Forsaken continuously evokes a mask gradient that replicates this action, with safeguards to slow down or halt this process in order to avoid catastrophic forgetting of non-target data.

The advantages of the system are that it is applicable to many kinds of existing neural networks, whereas recent similar work has enjoyed success largely in computer vision networks; and that it does not interfere with model training procedures, but rather acts as an adjunct, without requiring that the core architecture be altered or the data retrained.

Restricting The Effect

Deletion of contributed data can have a potentially deleterious effect on the functionality of a machine learning algorithm.

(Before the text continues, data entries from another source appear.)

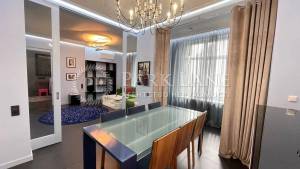 Квартира W-7448079, Верхогляда Андрея (Драгомирова Михаила), 7, Киев - Фото 4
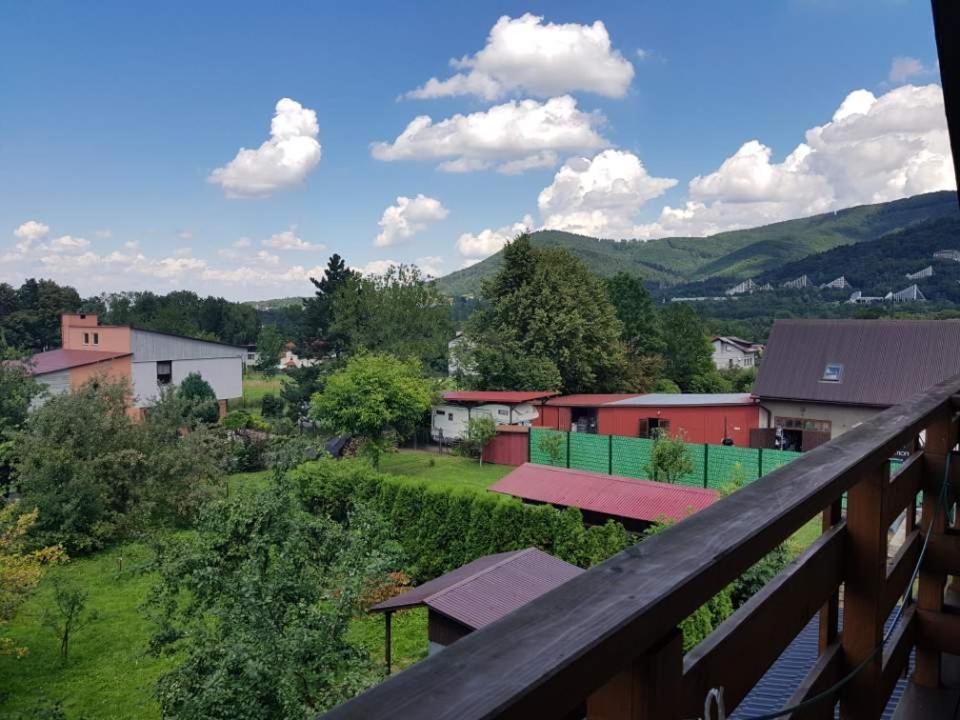 Seul 3*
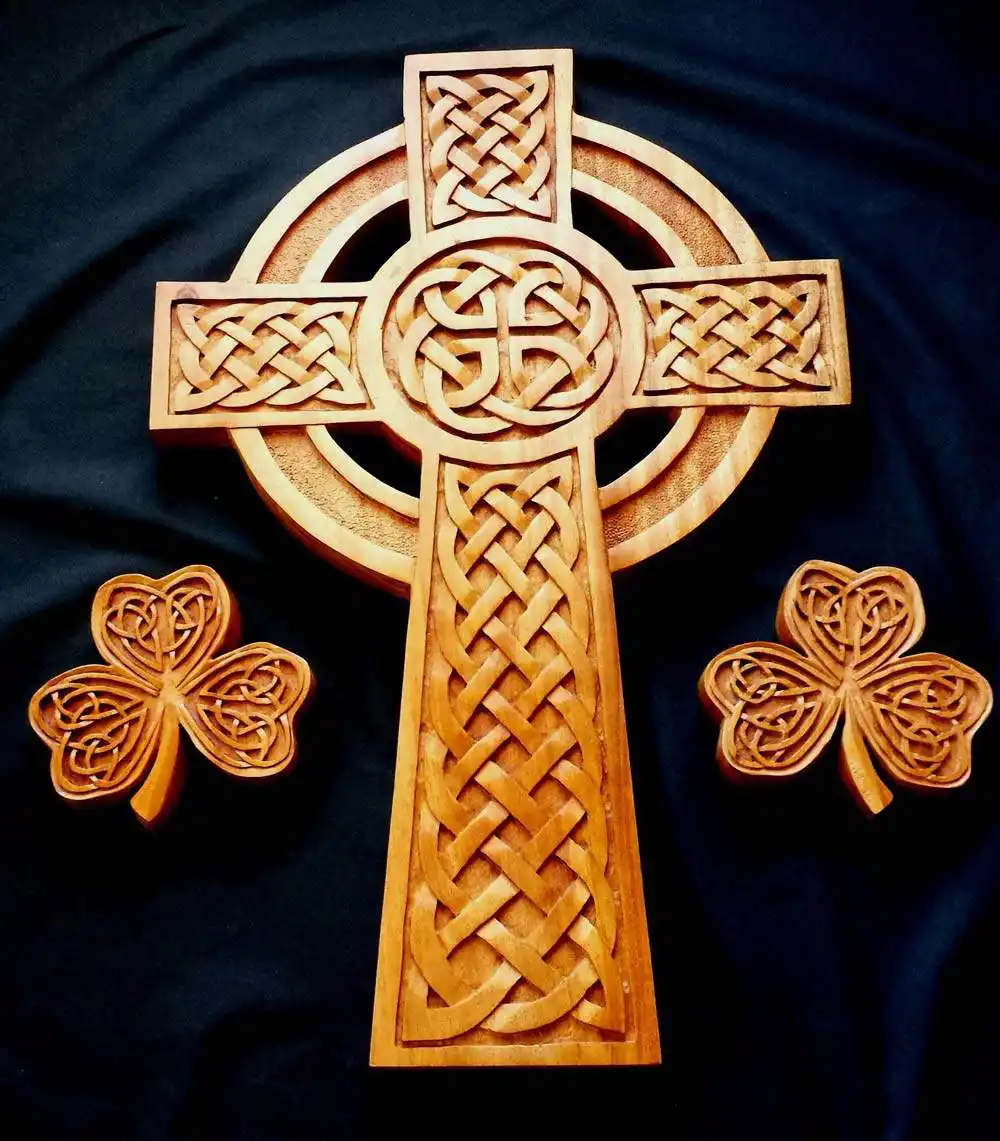 02-proizvodstvo-suvenirov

To avoid this, the researchers have exploited norm regularization, a feature of normal neural network training that is commonly used to avoid overtraining. The particular implementation chosen is designed to ensure that Forsaken does not fail to converge in training.

To establish a usable dispersal of data, the researchers used out-of-distribution (OOD) data (i.e., data not included in the actual dataset, mimicking ‘sensitive' data in the actual dataset) to calibrate the way that the algorithm should behave.

Testing On Datasets

The method was tested over eight standard datasets and in general achieved close-to or higher forgetting rates than full retraining, with very little impact on model accuracy.

It seems impossible that full retraining on an edited dataset could actually do worse than any other method, since the target data is entirely absent. However, the model has by this time abstracted various features of the deleted data in a ‘holographic' fashion, in the way (by analogy) that a drop of ink redefines the utility of a glass of water.

In effect, the weights of the model have already been influenced by the excised data, and the only way to entirely remove its influence is to retrain the model from absolute zero, rather than the far speedier approach of retraining the weighted model on an edited dataset.